In my previous article, I used the Naive Bayes model to predict whether the movie reviews were positive or negative using the IMDB dataset. If you haven't read this article I would urge you to read it before continuing.

In this article, I will improve the performance of the model by using a combination of the Naive Bayes model and Logistic Regression.


Table of Contents

  • Introduction
  • Logistic Regression
  • Logistic Regression Blended with Naive Bayes
  • Conclusion
  • References

Introduction

In the previous article we used a Naive Bayes model and the basic idea was that we could take a document (e.g. a movie review), and turn it into a bag of words representation consisting of the number of times each word appears.

Then we fit a Naive Bayes model and we achieved a high accuracy of 83%. Similar performance achieved also when we simply took the ones and zeros for presence or absence of a word.


Logistic Regression

In theory, Naive Bayes sounds okay but it’s "naive" as it assumes that the choices of words in a review are independent. In order to avoid this caveat and instead of approximating these coefficients r, let’s try to learn them.

To tackle this we will use a logistic regression. That’s going to literally give us something with exactly the same functional form but now rather than using a theoretical r and theoretical b, we are going to calculate both of them using a logistic regression.

print(trn_term_doc.shape)

x=trn_term_doc
y=trn_y
m = LogisticRegression(C=1e8, dual=True)
m.fit(x, y)
preds = m.predict(val_term_doc)
(preds==val_y).mean()

By fitting a simply Logistic Regression we immediately see that the accuracy increased.We expected that as any theoretical models are never going to be as accurate as a data driven model. Theoretical models are good when you are dealing with some physic things or something else where you are sure how the world works. But in most of the cases this is really difficult so  it’s better to learn your coefficients and calculate them.

What’s this dual=True?

As we saw above our term document matrix is much wider than it is tall. There is an almost mathematically equivalent reformulation of logistic regression that happens to be a lot faster when it’s wider than it is tall. So the short answer is anytime it’s wider than it’s tall, use dual=True, it’ll run faster.

So in math, there is a concept of dual versions of a problem which are kind of equivalent versions of the same problem that sometimes works better for certain situations.
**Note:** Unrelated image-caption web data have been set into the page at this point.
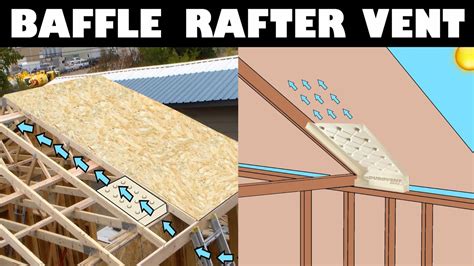 How To Install Soffit Baffles In Attic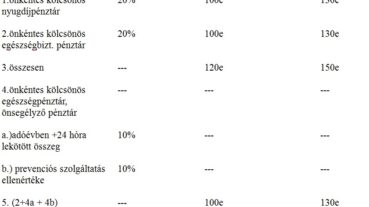 Nyugdíj előtakarékosság adókedvezménnyel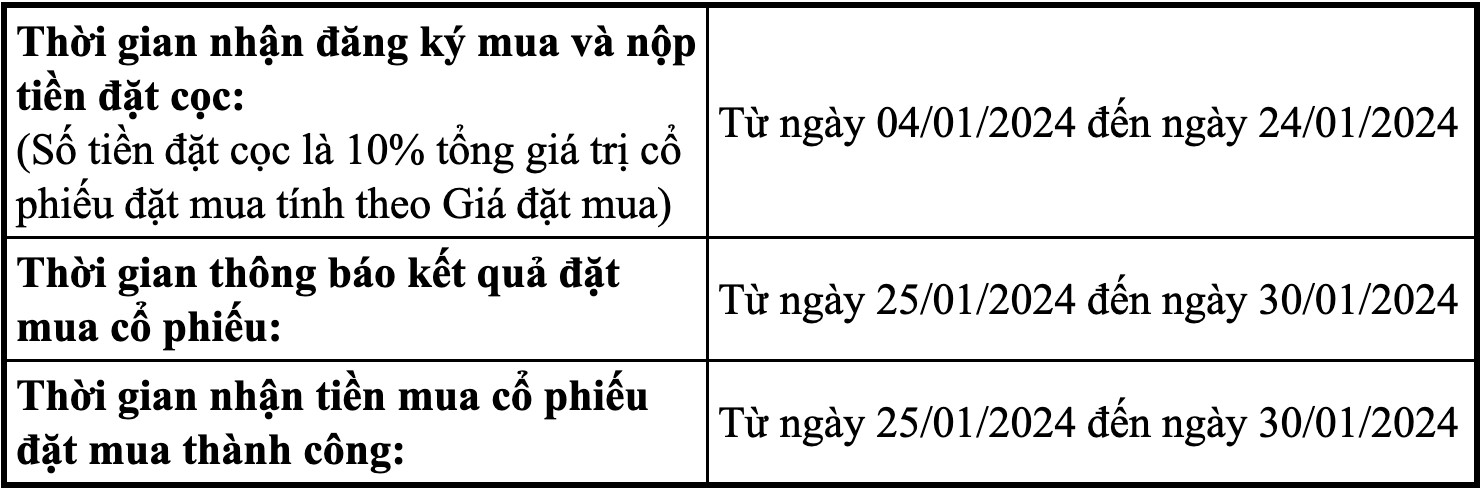 6PG88VN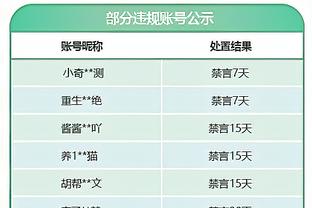 基德：在上一场与詹姆斯相撞后欧文臀部有挫伤 今天仍参加了训练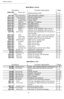 Page 3232 Getting started
    2522 OKP
REFIX SET-
TINGSetting dialing prefix p. 41
253 OK
-  LOCAL NETWORKLAN parameters settings  p. 51
2531 OKC
ONFIGURATIONManual configuration p. 51
2532 OKIP 
ADDRESSFax IP address p. 51
2533 OK
SUBNET MASKsubnet mask p. 51
2534 OK
GATEWAYgateway #1 address p. 51
2535 OKIEEE 
ADRESSFax IEEE adress p. 51
2536 OK
NETBIOS 1NetBIOS name 1 p. 51
2537 OKN
ETBIOS 2NetBIOS name 2 p. 51
2538 OKWINS 1Address of the NetBIOS name server 1      p. 51
2539 OKWINS 2Address of the NetBIOS...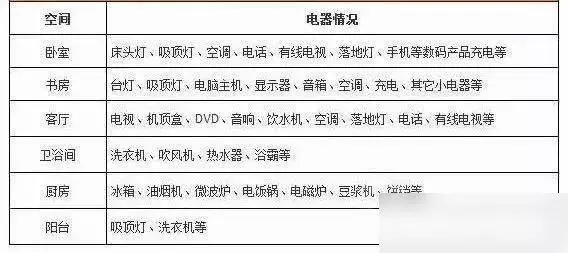 装修流程新房装修详细步骤 毛坯房(8)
Let's see also what the official documentation of Sklearn say:

Binarized version

m = LogisticRegression(C=1e8, dual=True) #low C big regularization
m.fit(trn_term_doc.sign(), y) #present or abscent of words
preds = m.predict(val_term_doc.sign())
(preds==val_y).mean()

Tune Regularization

As we saw previously in the dataset we have approximately 75,000 columns or other words 75,000 coefficients one for each term in our vocabulary. Having in mind that we only have 25,000 reviews this looks like we have a lot of coefficients so we inspect that regularization might improve the performance of the model.

To do that, we will tune the parameter C which is responsible for regularizing our model. High value of C means less regularization while low values means a lot. That's why we used 1e8 to basically turn off regularization. Let's decrease that value:

m = LogisticRegression(C=0.1, dual=True)
m.fit(x, y)
preds = m.predict(val_term_doc)
(preds==val_y).mean()

Binarized version

m = LogisticRegression(C=0.1, dual=True)
m.fit(trn_term_doc.sign(), y)
preds = m.predict(val_term_doc.sign())
(preds==val_y).mean()

As we were expecting increasing regularization actually improved the model.It seems that initially the model was overfitting. Note that parameter C controls L2 regularization which is looking at the square of the weights.
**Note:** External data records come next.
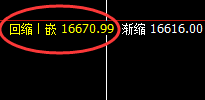A50：精准强势回撤，午后完美加速拉升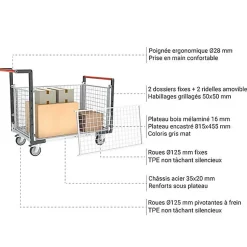 Chariot modulaire grillagé 4 côtés - 2 dossiers et 2 ridelles - Plateau 815x455mm - Charge max 250kg - 806724145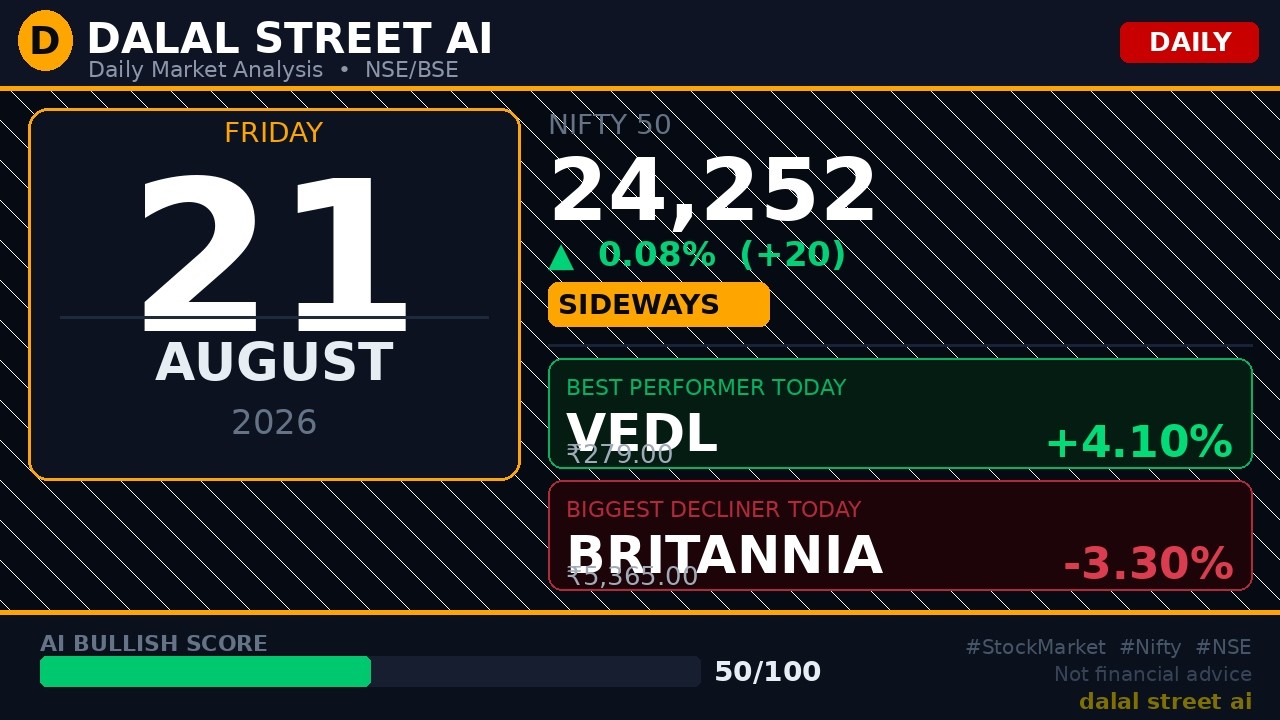 🟡 Stock Market Today 21 August 2026 | Nifty 24,252 | Hindi & English Analysis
In simple terms, L2 Regularization just add a term at the ned of the objective function which is just the summation of the square of all coefficients while L1 the summation of the absolute value of all coefficients. It can be proved mathematically that L1 regularization tries to make as many things zero whereas L2 regularization ties to make everything smaller. For example if we have two features that are highly correlated, L2 regularization will decrease the weight of both terms while L1 will try to make one of them zero and one of them nonzero.

In modern machine learning we don't really think a lot which of the two to use we simply try both and select the one that works better and ends up with a better error on the validation set.

The reason why we used L2 regularization for this problem is that L2 is the default regularization when we set dual=True as parameter in the Sklearn’s Logistic Regression.

Find below two useful Youtube Videos which explain L2 and L1 Regularization from a mathematical perspective:

Add n-grams

If you remember we used CountVectorizer to preprocess our features . By default, it gives unigrams that are single words. But if we say ngram_range=(1,3), that’s also going to give us bigrams and trigrams. Let's try that:

veczr =  CountVectorizer(ngram_range=(1,3), 
                         tokenizer=tokenize, max_features=800000)
# limit featutes to 800,000
trn_term_doc = veczr.fit_transform(trn)
val_term_doc = veczr.transform(val)

# as expected 80,000 fetures-columns
print(trn_term_doc.shape)

# build voc
vocab = veczr.get_feature_names()

vocab[300000:300010]

As we see now the vocabulary includes bigram: 'for whatever'  and trigrams 'for what seemed'. This usually works better as now we have the ability to see the difference between not good versus not bad versus not terrible. So using trigram features we expect to improve both Naive Bayes and logistic regression. Let's validate our hypothesis.

max_features = 800000 we force the CountVectorizer to consider the first 800,000 most common ngrams. The reason we restrict it is that we have only 25,000 movie reviews so it wouldn't make sense to have so many weights.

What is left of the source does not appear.